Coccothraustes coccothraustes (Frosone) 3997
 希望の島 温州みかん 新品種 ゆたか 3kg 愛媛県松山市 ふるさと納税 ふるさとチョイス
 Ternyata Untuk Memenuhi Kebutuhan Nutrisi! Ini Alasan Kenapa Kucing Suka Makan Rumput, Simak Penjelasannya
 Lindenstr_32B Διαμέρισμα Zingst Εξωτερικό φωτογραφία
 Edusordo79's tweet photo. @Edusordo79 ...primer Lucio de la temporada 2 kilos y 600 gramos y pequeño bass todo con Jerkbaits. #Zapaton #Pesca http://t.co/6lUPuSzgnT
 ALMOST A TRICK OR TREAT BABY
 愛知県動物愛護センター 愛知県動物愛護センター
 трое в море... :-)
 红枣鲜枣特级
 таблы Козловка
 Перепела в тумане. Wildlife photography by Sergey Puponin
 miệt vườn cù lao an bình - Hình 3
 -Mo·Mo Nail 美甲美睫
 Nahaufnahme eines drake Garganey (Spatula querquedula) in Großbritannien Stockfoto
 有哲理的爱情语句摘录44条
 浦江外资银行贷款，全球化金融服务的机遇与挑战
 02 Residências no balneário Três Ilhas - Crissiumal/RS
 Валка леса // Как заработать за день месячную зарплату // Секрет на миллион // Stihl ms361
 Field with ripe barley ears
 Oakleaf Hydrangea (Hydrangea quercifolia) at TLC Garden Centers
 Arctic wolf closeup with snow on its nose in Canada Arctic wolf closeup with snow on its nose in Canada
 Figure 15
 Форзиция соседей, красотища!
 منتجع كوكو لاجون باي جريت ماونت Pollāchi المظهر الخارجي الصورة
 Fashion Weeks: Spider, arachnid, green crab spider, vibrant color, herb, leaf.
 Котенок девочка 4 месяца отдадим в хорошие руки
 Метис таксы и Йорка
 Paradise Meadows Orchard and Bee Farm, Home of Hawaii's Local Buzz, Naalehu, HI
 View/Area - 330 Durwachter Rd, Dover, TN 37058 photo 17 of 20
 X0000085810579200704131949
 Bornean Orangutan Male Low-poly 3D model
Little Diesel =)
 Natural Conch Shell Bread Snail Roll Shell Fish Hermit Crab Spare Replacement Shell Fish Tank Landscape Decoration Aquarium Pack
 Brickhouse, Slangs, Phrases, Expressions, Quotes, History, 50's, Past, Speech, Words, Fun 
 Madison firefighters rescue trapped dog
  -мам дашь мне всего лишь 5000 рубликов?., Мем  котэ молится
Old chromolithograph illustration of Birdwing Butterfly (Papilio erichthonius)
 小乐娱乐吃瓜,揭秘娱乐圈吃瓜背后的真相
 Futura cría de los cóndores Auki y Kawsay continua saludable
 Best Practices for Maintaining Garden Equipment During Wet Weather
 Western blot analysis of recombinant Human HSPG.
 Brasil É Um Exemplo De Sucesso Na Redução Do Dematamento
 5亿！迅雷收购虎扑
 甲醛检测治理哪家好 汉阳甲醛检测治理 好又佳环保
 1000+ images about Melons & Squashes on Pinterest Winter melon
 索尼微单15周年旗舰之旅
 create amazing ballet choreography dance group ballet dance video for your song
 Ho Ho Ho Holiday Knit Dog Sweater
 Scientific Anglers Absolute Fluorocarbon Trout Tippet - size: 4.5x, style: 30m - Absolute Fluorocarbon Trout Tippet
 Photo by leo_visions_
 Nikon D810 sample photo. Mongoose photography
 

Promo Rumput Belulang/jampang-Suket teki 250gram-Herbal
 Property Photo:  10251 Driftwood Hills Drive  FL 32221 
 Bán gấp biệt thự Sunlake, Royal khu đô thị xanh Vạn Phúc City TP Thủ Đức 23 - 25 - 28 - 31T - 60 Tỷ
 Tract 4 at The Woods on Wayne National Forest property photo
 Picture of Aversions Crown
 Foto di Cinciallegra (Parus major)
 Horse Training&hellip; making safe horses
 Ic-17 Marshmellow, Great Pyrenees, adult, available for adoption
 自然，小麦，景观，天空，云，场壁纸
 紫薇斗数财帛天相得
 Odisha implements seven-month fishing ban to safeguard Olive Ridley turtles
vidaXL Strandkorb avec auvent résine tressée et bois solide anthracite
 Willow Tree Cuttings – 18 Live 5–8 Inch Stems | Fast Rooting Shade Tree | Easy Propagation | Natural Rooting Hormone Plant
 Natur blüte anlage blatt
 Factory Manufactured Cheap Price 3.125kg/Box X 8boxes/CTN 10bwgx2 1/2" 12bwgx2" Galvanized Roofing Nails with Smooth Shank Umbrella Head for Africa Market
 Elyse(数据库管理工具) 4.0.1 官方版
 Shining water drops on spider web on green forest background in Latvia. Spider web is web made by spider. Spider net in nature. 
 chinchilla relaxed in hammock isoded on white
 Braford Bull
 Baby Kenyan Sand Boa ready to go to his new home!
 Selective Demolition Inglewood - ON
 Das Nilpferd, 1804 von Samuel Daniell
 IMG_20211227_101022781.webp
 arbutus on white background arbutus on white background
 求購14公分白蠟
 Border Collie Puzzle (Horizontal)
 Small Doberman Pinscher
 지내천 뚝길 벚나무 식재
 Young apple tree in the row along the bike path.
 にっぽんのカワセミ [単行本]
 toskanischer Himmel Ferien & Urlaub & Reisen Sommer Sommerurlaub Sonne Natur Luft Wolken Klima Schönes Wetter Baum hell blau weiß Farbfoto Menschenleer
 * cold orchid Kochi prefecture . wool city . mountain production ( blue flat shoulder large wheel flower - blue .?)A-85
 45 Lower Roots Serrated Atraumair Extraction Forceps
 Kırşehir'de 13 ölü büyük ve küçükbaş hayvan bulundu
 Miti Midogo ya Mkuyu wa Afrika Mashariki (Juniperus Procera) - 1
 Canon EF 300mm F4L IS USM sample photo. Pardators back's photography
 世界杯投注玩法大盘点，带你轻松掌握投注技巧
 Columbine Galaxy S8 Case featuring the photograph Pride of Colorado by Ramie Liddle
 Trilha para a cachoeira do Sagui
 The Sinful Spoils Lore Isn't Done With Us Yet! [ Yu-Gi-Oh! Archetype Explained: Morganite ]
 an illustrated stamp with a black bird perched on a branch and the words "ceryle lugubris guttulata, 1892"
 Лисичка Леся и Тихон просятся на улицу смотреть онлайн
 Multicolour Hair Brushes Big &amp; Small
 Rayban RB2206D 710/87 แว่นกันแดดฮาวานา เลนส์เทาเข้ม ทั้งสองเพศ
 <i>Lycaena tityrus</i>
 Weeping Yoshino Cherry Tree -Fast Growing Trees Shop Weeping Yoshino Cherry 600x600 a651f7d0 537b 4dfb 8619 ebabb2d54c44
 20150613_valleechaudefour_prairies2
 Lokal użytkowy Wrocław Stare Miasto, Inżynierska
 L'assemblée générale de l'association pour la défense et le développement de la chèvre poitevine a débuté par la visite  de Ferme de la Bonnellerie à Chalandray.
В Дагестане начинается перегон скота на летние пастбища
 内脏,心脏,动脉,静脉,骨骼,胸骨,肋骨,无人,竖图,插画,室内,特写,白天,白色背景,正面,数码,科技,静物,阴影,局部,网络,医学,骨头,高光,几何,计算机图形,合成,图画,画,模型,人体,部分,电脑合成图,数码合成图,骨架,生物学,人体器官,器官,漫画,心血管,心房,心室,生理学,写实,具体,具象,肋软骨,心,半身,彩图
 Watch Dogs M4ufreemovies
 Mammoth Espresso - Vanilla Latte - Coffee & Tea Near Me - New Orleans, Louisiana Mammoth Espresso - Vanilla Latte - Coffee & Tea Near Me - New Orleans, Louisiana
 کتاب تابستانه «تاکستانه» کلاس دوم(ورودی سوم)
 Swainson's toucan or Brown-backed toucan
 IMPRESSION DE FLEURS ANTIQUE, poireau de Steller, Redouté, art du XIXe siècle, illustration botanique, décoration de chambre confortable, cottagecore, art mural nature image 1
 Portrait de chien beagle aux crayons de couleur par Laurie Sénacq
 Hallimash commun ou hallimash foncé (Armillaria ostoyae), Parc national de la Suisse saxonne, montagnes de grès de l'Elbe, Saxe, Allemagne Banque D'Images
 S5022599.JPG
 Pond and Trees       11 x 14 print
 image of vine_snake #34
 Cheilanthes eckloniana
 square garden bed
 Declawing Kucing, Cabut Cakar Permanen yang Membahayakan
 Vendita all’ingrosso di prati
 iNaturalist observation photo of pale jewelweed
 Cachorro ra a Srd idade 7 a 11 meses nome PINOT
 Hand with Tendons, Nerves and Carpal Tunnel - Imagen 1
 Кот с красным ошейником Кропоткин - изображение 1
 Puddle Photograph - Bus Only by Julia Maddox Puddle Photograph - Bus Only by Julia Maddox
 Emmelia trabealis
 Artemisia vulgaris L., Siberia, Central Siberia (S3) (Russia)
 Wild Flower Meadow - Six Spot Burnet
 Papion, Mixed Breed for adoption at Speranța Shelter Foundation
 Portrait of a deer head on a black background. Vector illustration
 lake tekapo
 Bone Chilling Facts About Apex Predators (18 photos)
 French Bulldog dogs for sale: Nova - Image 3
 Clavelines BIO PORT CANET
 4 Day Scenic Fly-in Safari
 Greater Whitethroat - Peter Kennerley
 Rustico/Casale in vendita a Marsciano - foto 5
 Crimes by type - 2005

————————

### [What the exercise asks]
Go through the data above and count the lines that hold "Small". Respond with the number and no other words.

### [Task solution]
2